There was a shift in approach for Pakistan in the last ODI of the rain-affected third match. For the first 20 overs, Pakistan batted exceedingly well. They posted their highest-ever opening partnership in ODIs – 96 runs – which laid the platform for the rest of the line-up. That they didn’t capitalise is something the management might not be too pleased with, but there was some positive batting from both Nahida Khan and Javeria Khan.

With the three-match T20I series beginning on Tuesday (December 17), this positive intent is what Pakistan will need to carry forward if they want to really challenge England. With the T20 World Cup 2020 not far, Pakistan will have to find ways to improve their batting – both in terms of strike rotation and finding the boundary – which Mark Coles, the former head coach, addressed recently. Only Nahida Khan and Bismah Maroof fared well with regards to the strike rate. In the shorter formats, this would play a pivotal role.

The hosts’ bowling and fielding, too, left a lot to be desired through the ODI series. In Sana Mir’s absence the likes of Diana Baig, Nida Dar and Aliya Riaz failed to control the run-flow against a rampaging England line-up. With the young Syeda Aroob Shah in the squad, it would be interesting to see if she gets a go immediately ahead of the likes of Anam Amin or Sadia Iqbal. She certainly provides something different to the attack, and showed great composure on her international debut against Bangladesh. Whether she is able to hold her own against a far more experienced and skilled England team is a question in itself, but one the rest of the world is certainly itching to find out.

England have ticked the majority of the boxes. The likes of Danielle Wyatt, Tammy Beaumont, Heather Knight, Natalie Sciver and Fran Wilson got amongst the runs, while Sarah Glenn proved her class in her very first international series bagging eight wickets. It will be worth seeing if the tourists pick her in the shortest format or stick with Kirstie Gordon, who has a proven track record in T20 cricket. Freya Davis, the right-arm seamer who had an incredible run in the Women’s Cricket Super League, is also someone who could have a look-in, but which pacer England then have to leave out is another dilemma altogether.

What England do with their batting order will also be interesting.

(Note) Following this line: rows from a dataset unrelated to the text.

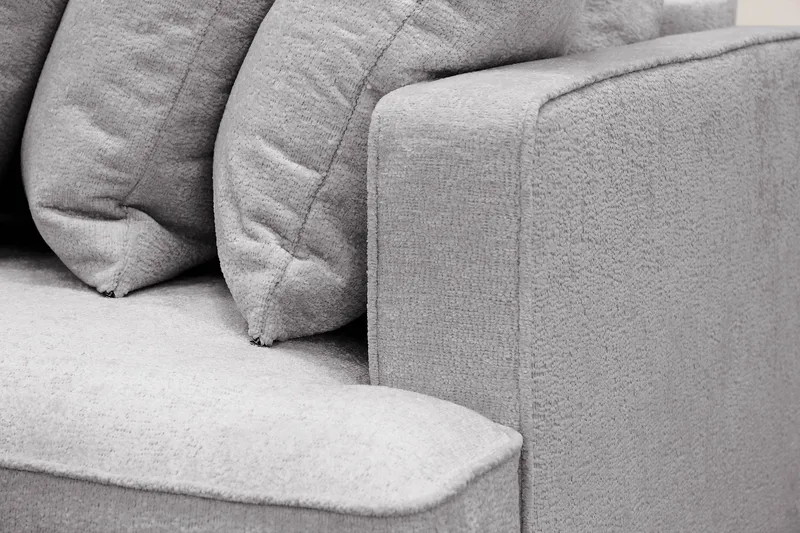 Rossita 4-istuttava Vasenkätinen L-muotoinen Syvä Leponurkkasohva Yhdellä Istuintyynyllä Chenillestä - Harmaa - Huonekalut - Sohva - Divaanisohva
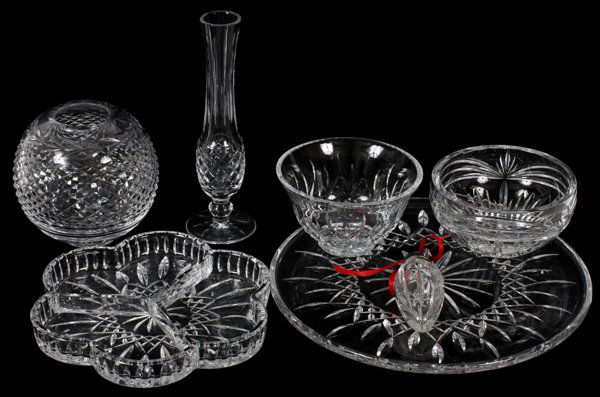 WATERFORD CRYSTAL COLLECTION SEVEN PIECES: WATERFORD CRYSTAL COLLECTION, SEVEN PIECES:Including a bud vase H 9", a rose bowl H 5.75", Dia 6", two small bowl H 3", Dia 5.75" and H 3.25", Dia 5.75", a divided dish Dia 9.25", one cake plate Dia 1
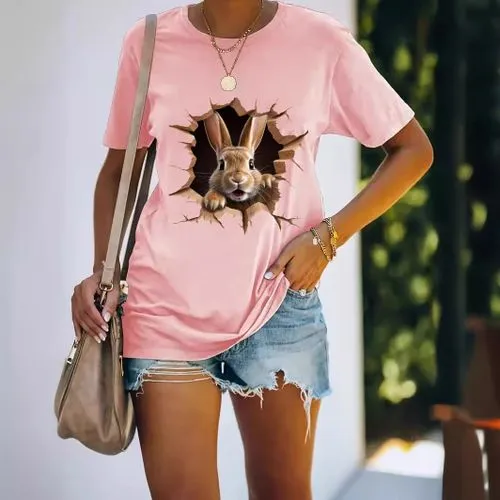 Women's T-shirt Short Sleeve T-Shirts Simple Style Rabbit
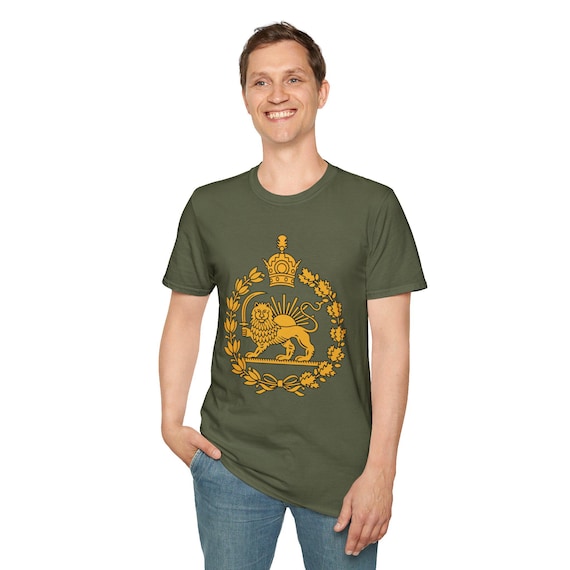 Lion and Sun with Crown Persian Imperial Emblem T-Shirt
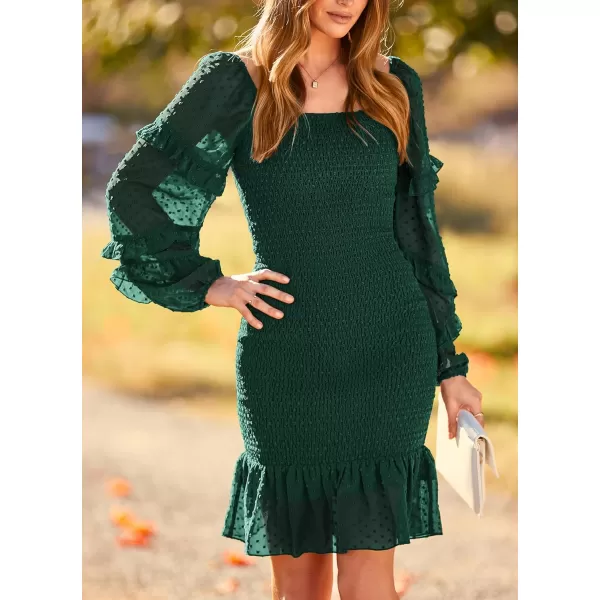 imagePRETTYGARDEN Womens 2023 Fall Smocked Bodycon Mini Dress Long Sleeve Square Neck Swiss Dot Ruffle Mermaid Elegant DressesDark Green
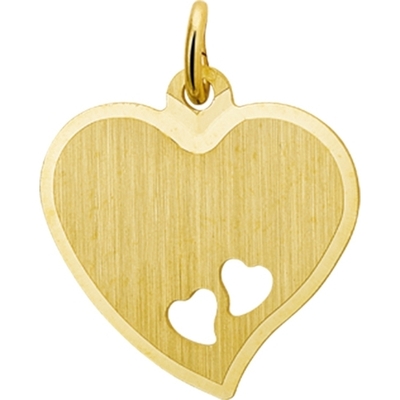graveerhanger hart mat gediamanteerd 14K geelgoud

With calls for Amy Jones to open growing louder, whether she is pushed up or persisted with in the middle order is something they will have to decide.

Having said that Wyatt and Beaumont have proven to be a formidable combination at the top of the order, so it is unlikely England will want to break that momentum.

Ahead of what could be the final dress rehearsal for Pakistan before the global tournament next year, they have a lot of questions to address. England have a more or less settled outfit and it’s perhaps only a matter of ironing out some minor flaws and understanding how best to use the personnel at their disposal.

With the track at the Kinrara Oval in Kuala Lumpur showing that it is good for batting, we could be in for a run-filled first T20I.


Pakistan: Bismah Maroof (c), Aliya Riaz, Anam Amin, Syeda Aroob Shah, Ayesha Zafar, Diana Baig, Fatima Sana, Iram Javed, Javeria Khan, Nahida Khan, Nida Dar, Omaima Sohail, Rameen Shamim, Sadia Iqbal, Sidra Nawaz (wk).

England: Heather Knight (c), Amy Jones (wk), Anya Shrubsole, Danielle Wyatt, Fran Wilson, Freya Davies, Kate Cross, Katherine Brunt, Kirstie Gordon, Lauren Winfield, Mady Villiers, Natalie Sciver, Sarah Glenn, Sophie Ecclestone, Tammy Beaumont.